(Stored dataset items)
--- START ---
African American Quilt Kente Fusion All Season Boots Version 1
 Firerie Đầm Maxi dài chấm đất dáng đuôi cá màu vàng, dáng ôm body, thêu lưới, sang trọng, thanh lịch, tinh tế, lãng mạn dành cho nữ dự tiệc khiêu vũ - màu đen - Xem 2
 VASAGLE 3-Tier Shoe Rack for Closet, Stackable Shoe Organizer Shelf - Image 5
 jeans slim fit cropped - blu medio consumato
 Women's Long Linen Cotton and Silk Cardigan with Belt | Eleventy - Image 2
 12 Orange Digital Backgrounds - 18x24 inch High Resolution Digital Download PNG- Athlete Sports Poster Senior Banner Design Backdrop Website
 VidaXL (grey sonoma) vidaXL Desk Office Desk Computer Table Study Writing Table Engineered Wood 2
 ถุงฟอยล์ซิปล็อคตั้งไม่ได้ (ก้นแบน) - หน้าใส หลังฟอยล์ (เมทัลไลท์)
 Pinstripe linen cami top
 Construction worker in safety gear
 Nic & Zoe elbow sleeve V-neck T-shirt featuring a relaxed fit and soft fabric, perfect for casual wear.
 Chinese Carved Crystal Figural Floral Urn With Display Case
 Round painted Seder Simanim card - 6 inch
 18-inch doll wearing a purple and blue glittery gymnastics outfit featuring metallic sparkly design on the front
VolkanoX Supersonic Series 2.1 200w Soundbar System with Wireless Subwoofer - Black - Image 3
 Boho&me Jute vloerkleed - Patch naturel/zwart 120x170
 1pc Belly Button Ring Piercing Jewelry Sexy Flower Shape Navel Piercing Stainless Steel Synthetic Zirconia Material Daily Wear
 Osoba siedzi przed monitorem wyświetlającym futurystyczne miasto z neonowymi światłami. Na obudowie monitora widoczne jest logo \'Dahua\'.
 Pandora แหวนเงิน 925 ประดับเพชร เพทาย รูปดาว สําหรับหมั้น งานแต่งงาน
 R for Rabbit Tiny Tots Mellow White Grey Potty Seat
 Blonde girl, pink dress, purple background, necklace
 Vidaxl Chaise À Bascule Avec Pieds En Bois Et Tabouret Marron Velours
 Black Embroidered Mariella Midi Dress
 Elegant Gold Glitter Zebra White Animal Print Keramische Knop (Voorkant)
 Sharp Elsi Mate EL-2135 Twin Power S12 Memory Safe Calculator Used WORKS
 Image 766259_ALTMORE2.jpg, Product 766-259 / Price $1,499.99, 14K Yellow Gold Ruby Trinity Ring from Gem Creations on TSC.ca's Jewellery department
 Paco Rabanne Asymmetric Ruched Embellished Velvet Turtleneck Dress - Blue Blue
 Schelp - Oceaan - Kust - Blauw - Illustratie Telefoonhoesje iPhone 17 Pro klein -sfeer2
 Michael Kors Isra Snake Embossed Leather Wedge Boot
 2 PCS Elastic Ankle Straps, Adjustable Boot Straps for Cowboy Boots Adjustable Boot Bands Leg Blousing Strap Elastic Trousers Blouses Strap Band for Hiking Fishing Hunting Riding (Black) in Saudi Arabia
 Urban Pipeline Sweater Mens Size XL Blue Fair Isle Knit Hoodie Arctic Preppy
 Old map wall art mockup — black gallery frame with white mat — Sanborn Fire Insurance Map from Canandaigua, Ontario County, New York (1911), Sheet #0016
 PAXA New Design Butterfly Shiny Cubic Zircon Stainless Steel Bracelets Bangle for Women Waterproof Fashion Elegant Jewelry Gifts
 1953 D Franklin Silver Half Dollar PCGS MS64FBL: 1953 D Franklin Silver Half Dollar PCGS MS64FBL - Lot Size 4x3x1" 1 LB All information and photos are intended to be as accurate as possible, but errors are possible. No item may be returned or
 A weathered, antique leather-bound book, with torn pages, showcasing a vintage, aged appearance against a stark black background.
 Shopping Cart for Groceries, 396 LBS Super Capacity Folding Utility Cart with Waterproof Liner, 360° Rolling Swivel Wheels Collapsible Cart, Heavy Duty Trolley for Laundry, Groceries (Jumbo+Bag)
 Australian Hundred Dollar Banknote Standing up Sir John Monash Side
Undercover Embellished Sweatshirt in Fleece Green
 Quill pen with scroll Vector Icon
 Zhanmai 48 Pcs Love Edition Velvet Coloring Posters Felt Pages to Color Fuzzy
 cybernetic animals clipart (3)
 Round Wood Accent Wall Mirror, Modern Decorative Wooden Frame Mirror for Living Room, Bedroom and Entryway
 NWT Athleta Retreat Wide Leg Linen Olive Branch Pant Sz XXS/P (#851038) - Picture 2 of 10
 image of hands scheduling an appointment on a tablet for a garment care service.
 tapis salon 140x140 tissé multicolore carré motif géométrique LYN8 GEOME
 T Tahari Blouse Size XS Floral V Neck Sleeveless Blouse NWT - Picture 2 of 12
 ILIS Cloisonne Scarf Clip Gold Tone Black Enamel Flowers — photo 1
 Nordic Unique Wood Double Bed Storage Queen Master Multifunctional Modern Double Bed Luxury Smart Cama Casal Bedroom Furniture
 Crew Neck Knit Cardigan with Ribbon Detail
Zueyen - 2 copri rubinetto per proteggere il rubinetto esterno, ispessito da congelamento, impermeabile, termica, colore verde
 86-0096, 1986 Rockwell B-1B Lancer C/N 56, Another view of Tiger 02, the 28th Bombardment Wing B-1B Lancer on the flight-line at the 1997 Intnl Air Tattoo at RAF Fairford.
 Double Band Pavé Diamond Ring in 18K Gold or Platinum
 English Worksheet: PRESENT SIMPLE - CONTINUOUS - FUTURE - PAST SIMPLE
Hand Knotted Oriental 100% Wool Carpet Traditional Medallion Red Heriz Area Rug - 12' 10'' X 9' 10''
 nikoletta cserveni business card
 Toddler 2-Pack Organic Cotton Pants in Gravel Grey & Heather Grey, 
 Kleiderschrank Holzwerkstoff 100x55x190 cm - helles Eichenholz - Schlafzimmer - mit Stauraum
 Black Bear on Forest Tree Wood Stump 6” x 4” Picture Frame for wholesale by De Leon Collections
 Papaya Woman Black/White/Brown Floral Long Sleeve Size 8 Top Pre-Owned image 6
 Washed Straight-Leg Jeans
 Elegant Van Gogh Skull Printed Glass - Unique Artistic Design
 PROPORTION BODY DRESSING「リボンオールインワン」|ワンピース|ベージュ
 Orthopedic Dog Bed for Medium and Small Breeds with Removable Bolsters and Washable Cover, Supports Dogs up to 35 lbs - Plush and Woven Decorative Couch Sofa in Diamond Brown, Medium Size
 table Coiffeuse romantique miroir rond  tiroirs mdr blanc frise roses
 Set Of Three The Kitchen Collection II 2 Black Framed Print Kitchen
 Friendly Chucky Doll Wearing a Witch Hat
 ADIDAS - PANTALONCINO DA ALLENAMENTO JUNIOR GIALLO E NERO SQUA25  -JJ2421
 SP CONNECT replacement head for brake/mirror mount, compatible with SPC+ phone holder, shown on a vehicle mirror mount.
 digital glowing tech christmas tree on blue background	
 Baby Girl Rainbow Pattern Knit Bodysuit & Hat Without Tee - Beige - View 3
--- END ---
# [Assignment]
Reproduce every entry, word for word.

# [Exercise result]
African American Quilt Kente Fusion All Season Boots Version 1
 Firerie Đầm Maxi dài chấm đất dáng đuôi cá màu vàng, dáng ôm body, thêu lưới, sang trọng, thanh lịch, tinh tế, lãng mạn dành cho nữ dự tiệc khiêu vũ - màu đen - Xem 2
 VASAGLE 3-Tier Shoe Rack for Closet, Stackable Shoe Organizer Shelf - Image 5
 jeans slim fit cropped - blu medio consumato
 Women's Long Linen Cotton and Silk Cardigan with Belt | Eleventy - Image 2
 12 Orange Digital Backgrounds - 18x24 inch High Resolution Digital Download PNG- Athlete Sports Poster Senior Banner Design Backdrop Website
 VidaXL (grey sonoma) vidaXL Desk Office Desk Computer Table Study Writing Table Engineered Wood 2
 ถุงฟอยล์ซิปล็อคตั้งไม่ได้ (ก้นแบน) - หน้าใส หลังฟอยล์ (เมทัลไลท์)
 Pinstripe linen cami top
 Construction worker in safety gear
 Nic & Zoe elbow sleeve V-neck T-shirt featuring a relaxed fit and soft fabric, perfect for casual wear.
 Chinese Carved Crystal Figural Floral Urn With Display Case
 Round painted Seder Simanim card - 6 inch
 18-inch doll wearing a purple and blue glittery gymnastics outfit featuring metallic sparkly design on the front
VolkanoX Supersonic Series 2.1 200w Soundbar System with Wireless Subwoofer - Black - Image 3
 Boho&me Jute vloerkleed - Patch naturel/zwart 120x170
 1pc Belly Button Ring Piercing Jewelry Sexy Flower Shape Navel Piercing Stainless Steel Synthetic Zirconia Material Daily Wear
 Osoba siedzi przed monitorem wyświetlającym futurystyczne miasto z neonowymi światłami. Na obudowie monitora widoczne jest logo \'Dahua\'.
 Pandora แหวนเงิน 925 ประดับเพชร เพทาย รูปดาว สําหรับหมั้น งานแต่งงาน
 R for Rabbit Tiny Tots Mellow White Grey Potty Seat
 Blonde girl, pink dress, purple background, necklace
 Vidaxl Chaise À Bascule Avec Pieds En Bois Et Tabouret Marron Velours
 Black Embroidered Mariella Midi Dress
 Elegant Gold Glitter Zebra White Animal Print Keramische Knop (Voorkant)
 Sharp Elsi Mate EL-2135 Twin Power S12 Memory Safe Calculator Used WORKS
 Image 766259_ALTMORE2.jpg, Product 766-259 / Price $1,499.99, 14K Yellow Gold Ruby Trinity Ring from Gem Creations on TSC.ca's Jewellery department
 Paco Rabanne Asymmetric Ruched Embellished Velvet Turtleneck Dress - Blue Blue
 Schelp - Oceaan - Kust - Blauw - Illustratie Telefoonhoesje iPhone 17 Pro klein -sfeer2
 Michael Kors Isra Snake Embossed Leather Wedge Boot
 2 PCS Elastic Ankle Straps, Adjustable Boot Straps for Cowboy Boots Adjustable Boot Bands Leg Blousing Strap Elastic Trousers Blouses Strap Band for Hiking Fishing Hunting Riding (Black) in Saudi Arabia
 Urban Pipeline Sweater Mens Size XL Blue Fair Isle Knit Hoodie Arctic Preppy
 Old map wall art mockup — black gallery frame with white mat — Sanborn Fire Insurance Map from Canandaigua, Ontario County, New York (1911), Sheet #0016
 PAXA New Design Butterfly Shiny Cubic Zircon Stainless Steel Bracelets Bangle for Women Waterproof Fashion Elegant Jewelry Gifts
 1953 D Franklin Silver Half Dollar PCGS MS64FBL: 1953 D Franklin Silver Half Dollar PCGS MS64FBL - Lot Size 4x3x1" 1 LB All information and photos are intended to be as accurate as possible, but errors are possible. No item may be returned or
 A weathered, antique leather-bound book, with torn pages, showcasing a vintage, aged appearance against a stark black background.
 Shopping Cart for Groceries, 396 LBS Super Capacity Folding Utility Cart with Waterproof Liner, 360° Rolling Swivel Wheels Collapsible Cart, Heavy Duty Trolley for Laundry, Groceries (Jumbo+Bag)
 Australian Hundred Dollar Banknote Standing up Sir John Monash Side
Undercover Embellished Sweatshirt in Fleece Green
 Quill pen with scroll Vector Icon
 Zhanmai 48 Pcs Love Edition Velvet Coloring Posters Felt Pages to Color Fuzzy
 cybernetic animals clipart (3)
 Round Wood Accent Wall Mirror, Modern Decorative Wooden Frame Mirror for Living Room, Bedroom and Entryway
 NWT Athleta Retreat Wide Leg Linen Olive Branch Pant Sz XXS/P (#851038) - Picture 2 of 10
 image of hands scheduling an appointment on a tablet for a garment care service.
 tapis salon 140x140 tissé multicolore carré motif géométrique LYN8 GEOME
 T Tahari Blouse Size XS Floral V Neck Sleeveless Blouse NWT - Picture 2 of 12
 ILIS Cloisonne Scarf Clip Gold Tone Black Enamel Flowers — photo 1
 Nordic Unique Wood Double Bed Storage Queen Master Multifunctional Modern Double Bed Luxury Smart Cama Casal Bedroom Furniture
 Crew Neck Knit Cardigan with Ribbon Detail
Zueyen - 2 copri rubinetto per proteggere il rubinetto esterno, ispessito da congelamento, impermeabile, termica, colore verde
 86-0096, 1986 Rockwell B-1B Lancer C/N 56, Another view of Tiger 02, the 28th Bombardment Wing B-1B Lancer on the flight-line at the 1997 Intnl Air Tattoo at RAF Fairford.
 Double Band Pavé Diamond Ring in 18K Gold or Platinum
 English Worksheet: PRESENT SIMPLE - CONTINUOUS - FUTURE - PAST SIMPLE
Hand Knotted Oriental 100% Wool Carpet Traditional Medallion Red Heriz Area Rug - 12' 10'' X 9' 10''
 nikoletta cserveni business card
 Toddler 2-Pack Organic Cotton Pants in Gravel Grey & Heather Grey, 
 Kleiderschrank Holzwerkstoff 100x55x190 cm - helles Eichenholz - Schlafzimmer - mit Stauraum
 Black Bear on Forest Tree Wood Stump 6” x 4” Picture Frame for wholesale by De Leon Collections
 Papaya Woman Black/White/Brown Floral Long Sleeve Size 8 Top Pre-Owned image 6
 Washed Straight-Leg Jeans
 Elegant Van Gogh Skull Printed Glass - Unique Artistic Design
 PROPORTION BODY DRESSING「リボンオールインワン」|ワンピース|ベージュ
 Orthopedic Dog Bed for Medium and Small Breeds with Removable Bolsters and Washable Cover, Supports Dogs up to 35 lbs - Plush and Woven Decorative Couch Sofa in Diamond Brown, Medium Size
 table Coiffeuse romantique miroir rond  tiroirs mdr blanc frise roses
 Set Of Three The Kitchen Collection II 2 Black Framed Print Kitchen
 Friendly Chucky Doll Wearing a Witch Hat
 ADIDAS - PANTALONCINO DA ALLENAMENTO JUNIOR GIALLO E NERO SQUA25  -JJ2421
 SP CONNECT replacement head for brake/mirror mount, compatible with SPC+ phone holder, shown on a vehicle mirror mount.
 digital glowing tech christmas tree on blue background	
 Baby Girl Rainbow Pattern Knit Bodysuit & Hat Without Tee - Beige - View 3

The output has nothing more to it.